(Beginning of Collected material)

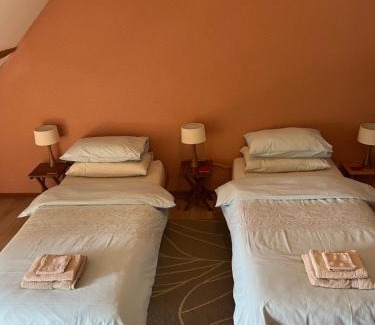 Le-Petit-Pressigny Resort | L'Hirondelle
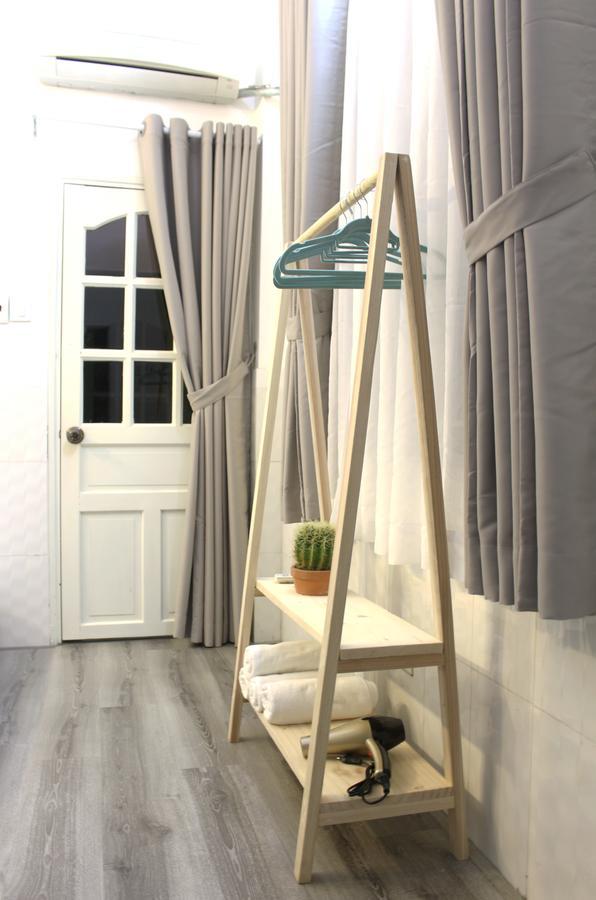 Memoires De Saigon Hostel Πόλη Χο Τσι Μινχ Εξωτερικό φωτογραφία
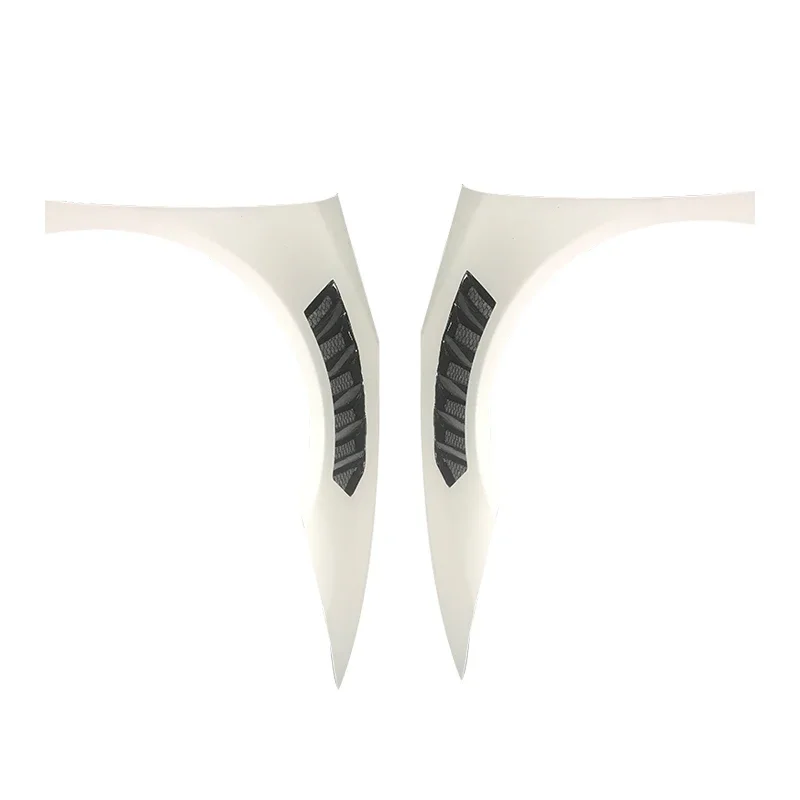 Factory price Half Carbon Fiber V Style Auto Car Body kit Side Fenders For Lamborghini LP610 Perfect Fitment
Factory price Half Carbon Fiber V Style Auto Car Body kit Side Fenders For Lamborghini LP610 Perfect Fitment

(End of Collected material)

The task
Transcribe the listing in full. Leave the pictures out.

Task solution
 Le-Petit-Pressigny Resort | L'Hirondelle
 Memoires De Saigon Hostel Πόλη Χο Τσι Μινχ Εξωτερικό φωτογραφία
 Factory price Half Carbon Fiber V Style Auto Car Body kit Side Fenders For Lamborghini LP610 Perfect Fitment
Factory price Half Carbon Fiber V Style Auto Car Body kit Side Fenders For Lamborghini LP610 Perfect Fitment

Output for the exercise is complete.